I'm friends with all of my "exes" as well. But, part of the reason is that I am, is that I respected them all as friends, not just lovers. It certainly is'nt becuase I told them I loved them. ;)
 
I will take your advice to heart and wait... it's so hard for me! I definitely don't want to complicate things, especially when they are going so well right now. :)

Thank you :)
 
Sigh... after I had that 4way with my gf and her female friend, and my sweetie D, I so wanted to tell D I loved him when we were parting... but I didn't. I mean, I am not "in love" with D, but I sure do feel a strong fondness for him. But I am pretty sure he wouldnt have taken it well. It might make him uncomfortable. So I didnt say it. Even tho we've been seeing each other for 2 years now. I don't want to scare him.
 
Considering that he isn't really taking the relationship aspect seriously, I'd say it's too early. I'd wait a little bit for him to open up more. Having the L bomb dropped when he is just starting to get comfortable might be too much.
 
If ou just have to say it and you think its to soon....then wait for a day when our walking him out a door and say it out loud behind the closed door mabe that would help:eek:
 
I'm going to swim against the current (what the hell do I know???) and agree with Charlie. If you love him and you're itching to tell him so, do it. Just do it without expectations - and let him know that as well.

There's a novel by Vonnegut where one person says to another: "I love you."
The other replies: "When you say that, I feel like you're pointing a gun at my head. What else am I allowed to reply but 'I love you, too'?"

Make sure that J knows that there's no gun.

Q: Is it ever too soon? To say I love you?
A: Better too soon than too late. (just my opinion)

p.s. I think that you and Beodude123 should invite J to read these threads. (just a crazy idea)
 
Q: Is it ever too soon? To say I love you?
A: Better too soon than too late. (just my opinion)

This is exactly my thought process when I wonder if it's too soon.

I did end up telling him. When I thought I was going to lose the chance to ever do it. Hubby had hit his lowest point thus far, and I couldn't do it to him anymore (we've since reestablished our boundaries and are starting back at the very very basics). I went in and talked to J and told him what was going on. He went to leave and he hugged me and told me everything was going to be okay, and I told him I know, and that not to freak him out, but I love him. In some way. I wear my heart on my sleeve. That's me, and I'm not ashamed of it.

I still don't know in which way.. there are so many ins and outs to him. I don't know if I love him in a familial way, if I love him in a romantic way. I love who he is at the core, and who he is to hubby. I still don't know if he will ever be right for me in that respect... but I love him regardless. I'm glad I told him. I felt an overwhelming sense of relief. Everything is still a big question, but my feelings have not changed.. he is one of those people who have made an impression on me and will always have a place in my heart.

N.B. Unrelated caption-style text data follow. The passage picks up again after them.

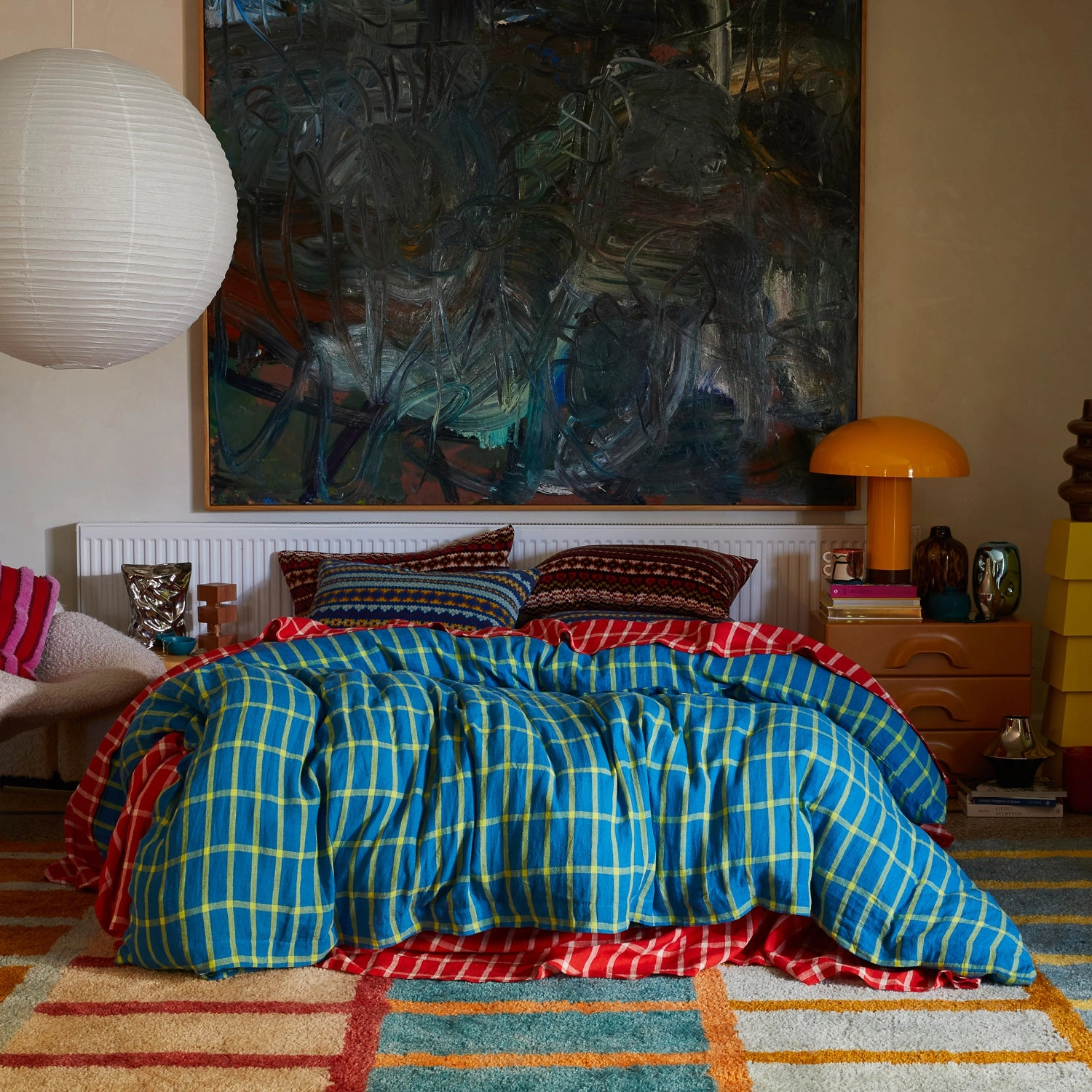 Remi Linen Quilt Cover - Capri
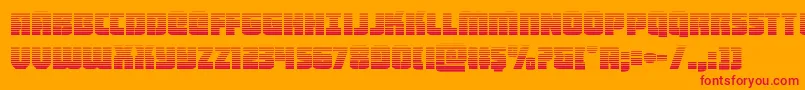 heavyfalcongrad Font – Red Fonts on Orange Background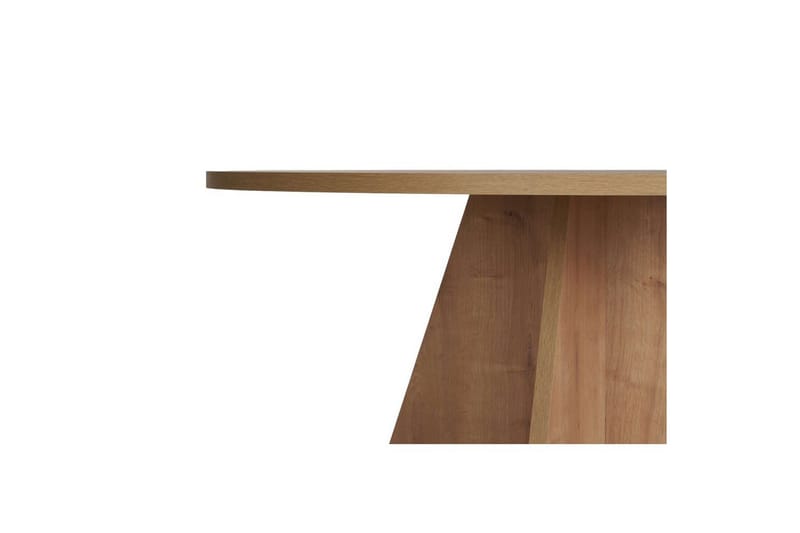Zalen Runt Matbord 120 cm med Trä- och Ekutseende - Brun - Möbler - Bord & matgrupp - Matbord & köksbord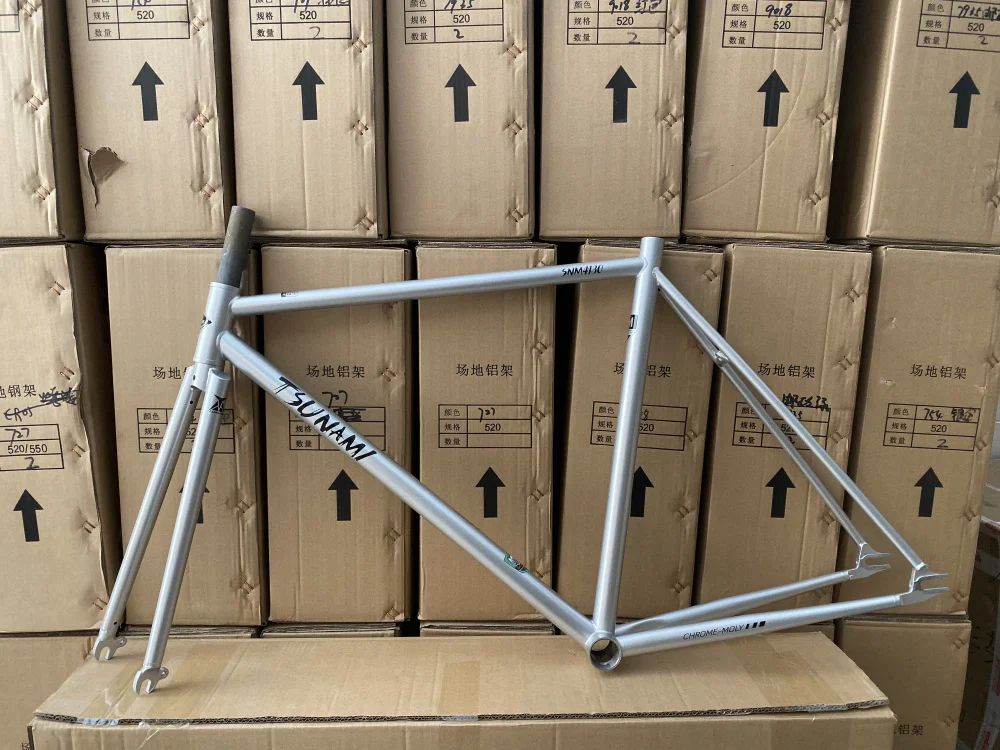 Fixed Gear Bicycle Frameset Chromoly Steel Track Fixie Bike Frame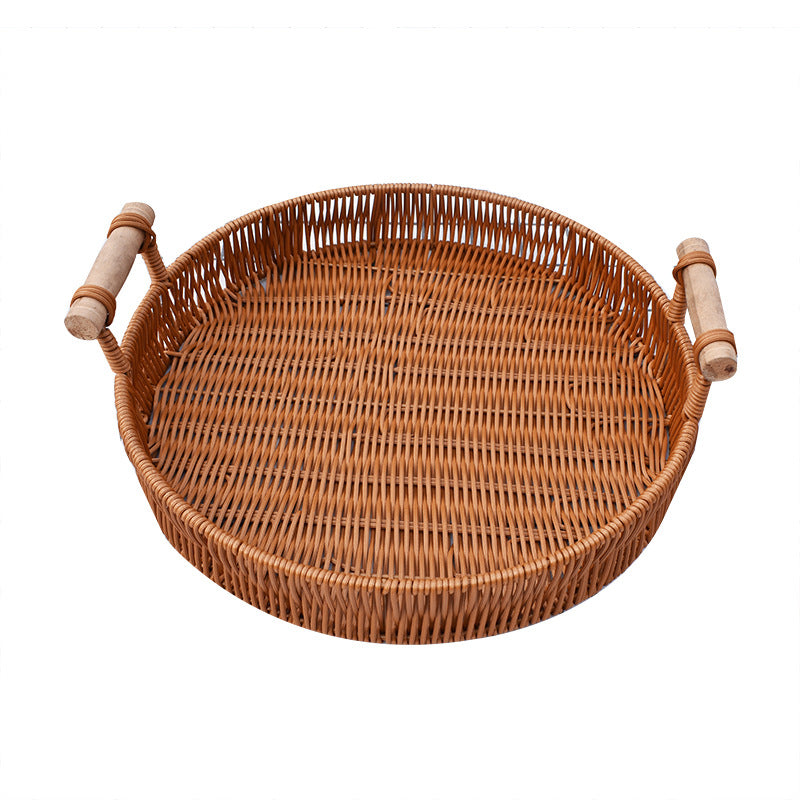 Handwoven Decorative Serving Tray Kalsten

I intend to invite him to read our threads and this forum, probably tonight. Don't know if he will, but I hope so!
 
Maybe just let the actions speak for themselves? Showing it instead of saying it? That's what I had to do.
 
I'd say it is the consequences. That one little word can change a lot of things for many people. The people on this board toss it around a little easier, but it still has far reaching effects.
 
How did he react when you said those 3 little words?
 
I agree with Beodude.

Besides, if you really love them, the enthusiasm to share it with them, will always be there. Taking time is a selfless act, in making sure they cherish the words with the intention given, rather then feeling overwhelmed.
 
Totally depends on the recipient. I would err on the side of not saying it. But thats because I see love as rare, and I rarely feel it for others. In my early days that would have had me balking. things have changed a bit, but I think most people err on the side of caution when using those words.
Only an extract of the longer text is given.